Morte dell’ispettore Raciti, i familiari smentiscono l’ipotesi del “fuoco amico”

Il padre e la sorella sentiti dalla Procura di Catania dopo il servizio de Le Iene: "Nessuno ha detto la frase riferita dalla testimone"

CATANIA – Il padre e la sorella di Filippo Raciti hanno “smentito in maniera certa e categorica” alla Procura di Catania di essere stati avvicinati, prima, durante o dopo il funerale del loro familiari da un funzionario di polizia che si sarebbe avvicinato a Nazareno Raciti per “chiedere scusa al padre dell’ispettore perché è stata una manovra errata di un collega” a causarne la morte.
“Nessuno ci ha mai detto quella frase”, hanno detto ai magistrati.
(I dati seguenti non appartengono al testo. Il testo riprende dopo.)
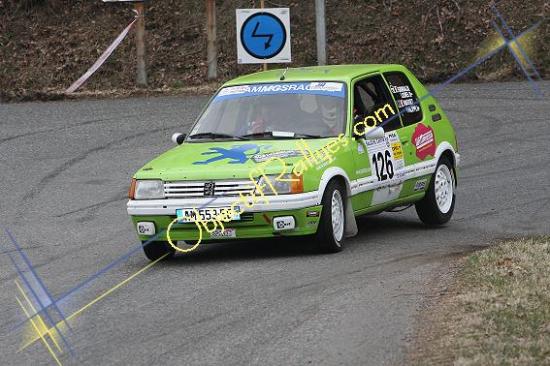 Peugeot 205 GTI  N2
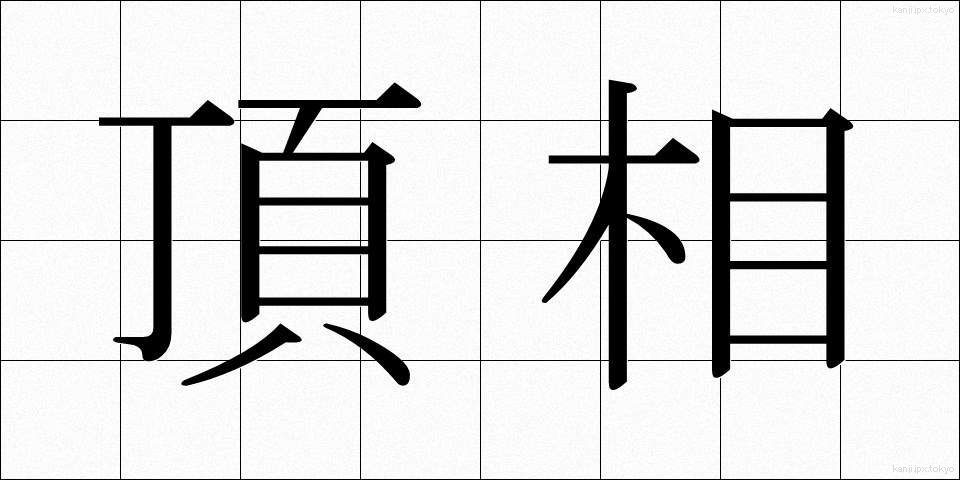 頂相 (ちょうそう)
La ricostruzione dell’episodio, smentita dai familiari, era stata fatta alla trasmissione Le Iene da una donna, non ripresa a viso scoperto, che si è definita una loro familiare, ma il padre e la sorella dell’ispettore hanno spiegato di “non riconoscere dagli occhi e dal naso” alcuno dei loro parenti.
I congiunti dell’ispettore Raciti sono stati sentiti dalla Procura di Catania che ha aperto un’inchiesta sul contenuto del servizio televisivo andato in onda il 12 dicembre scorso su Italia 1 dopo una relazione ricevuta dalla Digos della questura sull’ipotesi di ‘fuoco amico’ nella morte dell’ispettore Filippo Raciti, deceduto durante scontri allo stadio Angelo Massimino il 2 febbraio del 2007.
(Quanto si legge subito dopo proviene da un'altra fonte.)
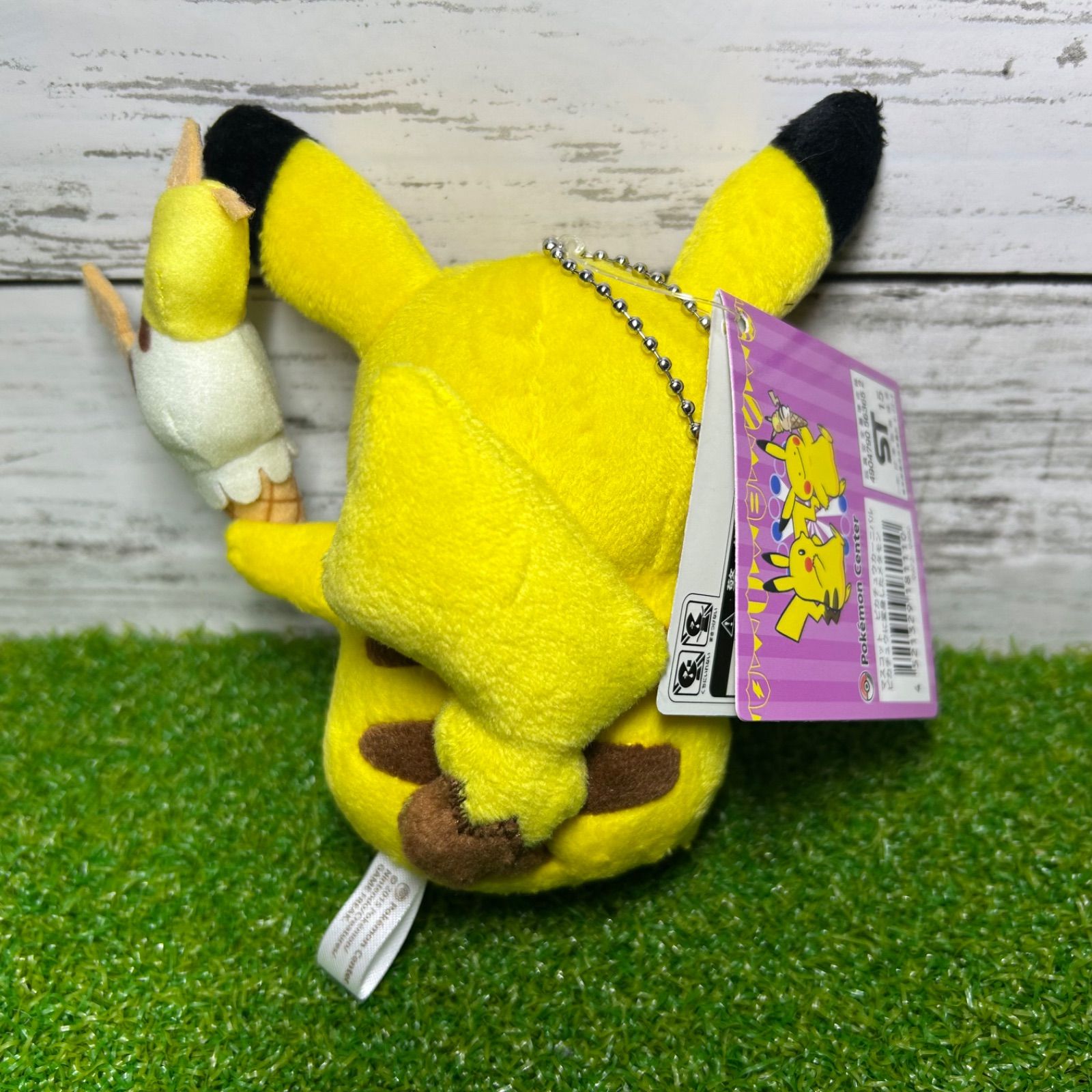 ポケモンセンター メタモン へんしん マスコット ピカチュウカーニバル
Il documento era stato redatto per “informare” la magistratura su “ogni opportuna valutazione sulle circostanze emerse durante il servizio”. La tesi del ‘fuoco amico’, che imputa la morte dell’ispettore all’impatto con una Land Rover della polizia durante gli scontri con gli ultras del Catania, è stata vagliata da diversi Gip, Tribunali del Riesame e nei tre gradi di giudizio del processo ad Antonino Speziale che, con sentenza passato in giudicato, è stato condannato a otto anni e otto mesi di reclusione per omicidio preterintenzionale. Il fine pena è prevista per 15 dicembre prossimo.
A sollevarla in sede di indagine e di giudizio è stato il legale di Speziale, l’avvocato Giuseppe Lipera, che recentemente ha chiesto gli arresti domiciliari per il proprio assistito, detenuto nel carcere di Messina, per gravi motivi di salute. E’ tornato invece in semilibertà poco prima di Natale del 2018, Daniele Natale Micale, 32 anni, l’altro ultrà del Catania condannato a 11 anni per la morte dell’ispettore Raciti dopo avere scontato oltre metà della condanna in carcere a Catania, e ha un residuo pena di meno di 2 anni.